No mundo imaginado por Cooper, a Europa e de maneira geral o Ocidente deveriam “habituar-se a usar dois pesos e duas medidas”. Segundo ele, “devemos, entre nós, agir segundo as leis e nos limites de um [sistema] de segurança aberto e cooperativo. Em outros lugares, quando se trata de países situados fora do continente pós-moderno europeu, devemos voltar aos métodos mais duros de uma época anterior: a força, o ataque preventivo, a esperteza, em resumo, tudo o que é necessário para cuidarmos dos que ainda vivem na guerra de todos contra todos do século XIX”. Entre nós, acrescenta ele, “respeitamos a lei. Mas quando agimos na selva, devemos usar a lei da selva”.
Um colonialismo altruísta
Paul Johnson, um historiador inglês de direita, acha que os EUA e seus aliados “deverão não apenas ocupar, mas também governar Estados terroristas”
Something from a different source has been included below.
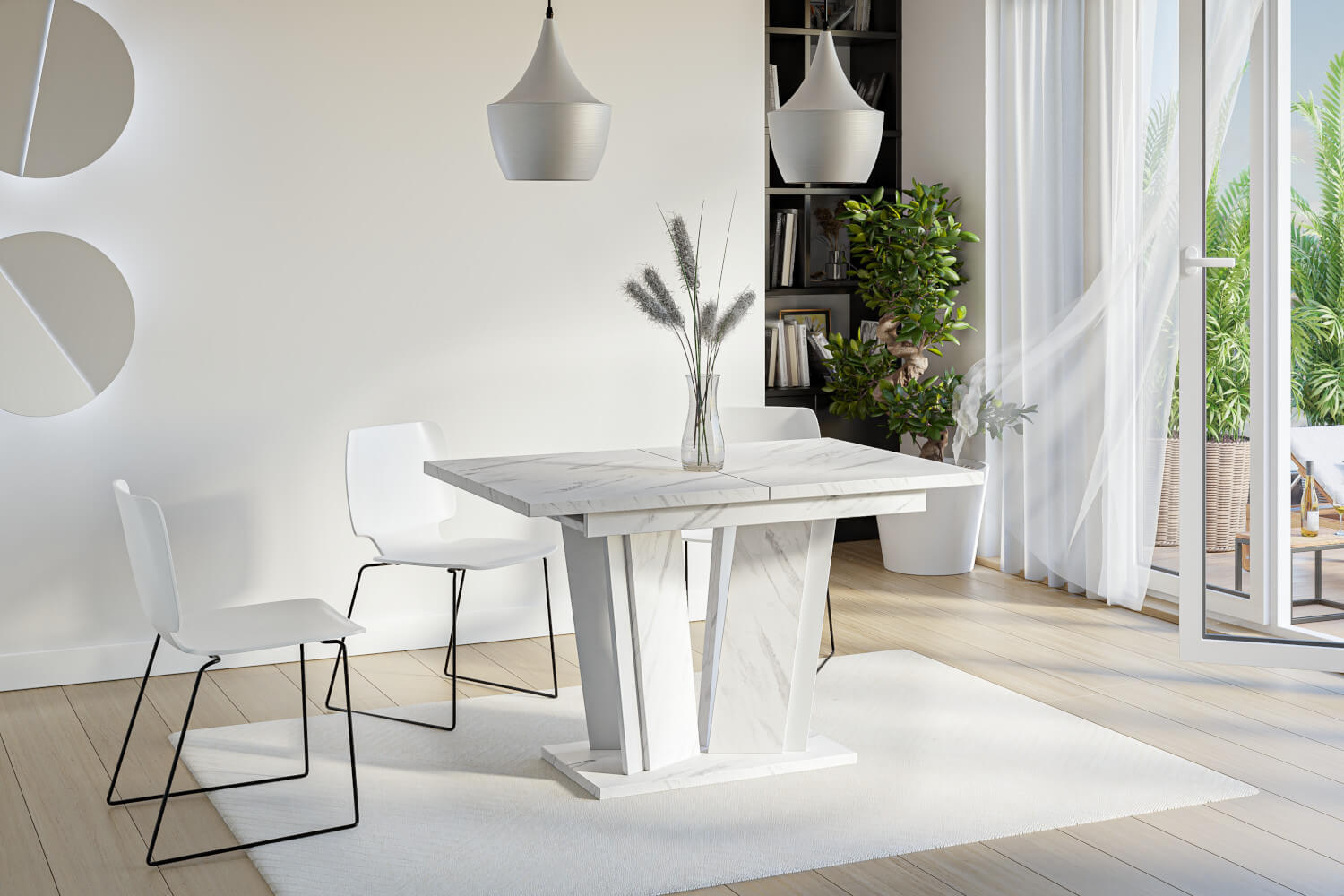 Stół DORA II złożony marmur-biały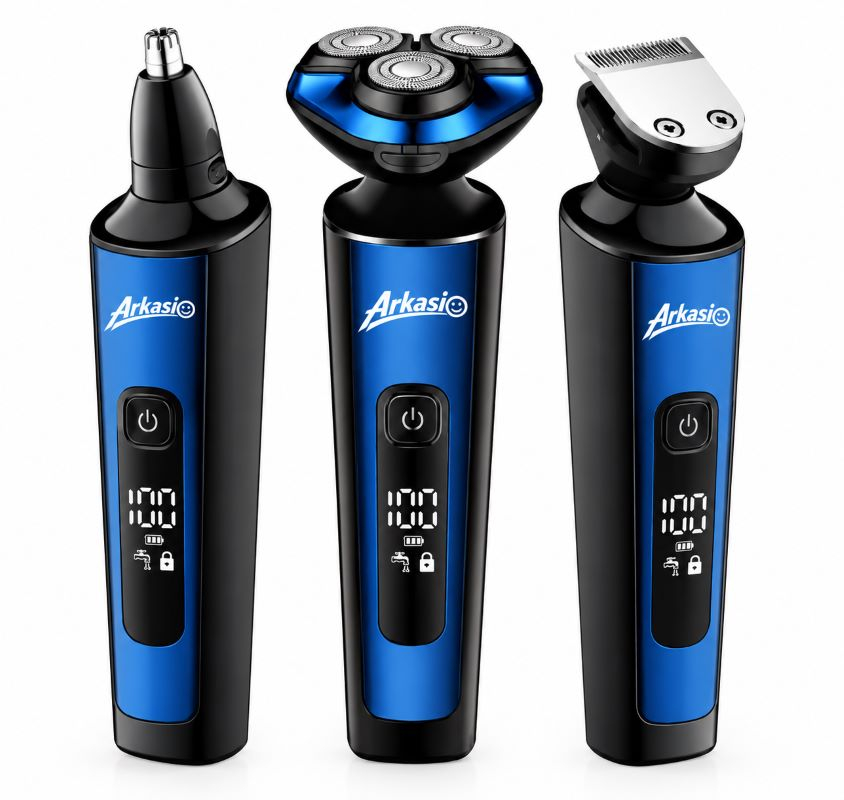 Aparat de tuns si ras Arkasio 4 in 1, electric pentru barbati reincarcabil IPX6, LED, 3 capete incluse Trimmer pentru Barba, Tuns si Nas, 3h Autonomie si Husa depozitare Cadou [4]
A selva situa-se evidentemente na África, na América Latina e na Ásia, onde “o caos é a norma e a guerra uma maneira de ser (way of life)”. Então, “ainda que as palavras império e imperialismo se tenham tornado termos de opróbrio na Europa, as oportunidades, senão a necessidade da colonização, são tão grandes quanto eram no século XIX”. Em síntese, segundo Cooper, o que precisamos hoje “é uma nova forma de imperialismo, aceitável do ponto de vista dos direitos humanos e dos valores cosmopolitas […]. Um imperialismo que tem por meta, como todo imperialismo, instaurar a ordem e a organização […]. Como Roma, [o Ocidente] transmitirá aos cidadãos do império algumas de suas leis, lhes fornecerá um pouco de dinheiro e construirá algumas estradas1“.
O teórico trabalhista talvez se tenha inspirado, melhorando-as, nas sugestões de um historiador inglês de direita, Paul Johnson que, anos atrás, elaborara uma visão semelhante. Num artigo publicado no New York Times Sunday Magazine, em 1993, Johnson considerava que “alguns Estados não são capazes de se governar a si mesmos […]. Essa é uma missão para o mundo civilizado que deve ir governar essas regiões desesperadas”. E acrescentava que o Ocidente “terá a satisfação de receber a gratidão de milhões de pessoas que, graças a este renascimento altruísta do colonialismo, encontrarão a única porta de saída possível para sua miséria2“. Pouco depois dos atentados de 11 de setembro, o mesmo autor justificara a colonização da China no século XIX nestes termos: “As grandes potências civilizadas introduziram na China, um país incoerente e vasto, o princípio da extraterritorialidade […]. Em 1900, um grupo militante terrorista, denominado Boxers, tomou Pequim de assalto com a aprovação tácita do governo […]. Uma força internacional foi então criada para retomar Pequim, incluindo, além das tropas européias, forças norte-americanas e japonesas […]. Hoje, os Estados Unidos e seus aliados se encontrarão, talvez, na situação de que deverão não apenas ocupar, mas também governar Estados terroristas”. De modo claro: “Os países que não podem viver em paz […] não devem esperar uma independência total3.”
(Trad.: Teresa Van Acker)
1 – Ler, de Robert Cooper, “The New Liberal Imperialism”, The London Observer, 7de abril de 2002.
2 – Ler, de Paul Johnson, “The New Colonialism”, New York Times Sunday Magazine, 18 de abril de 1993.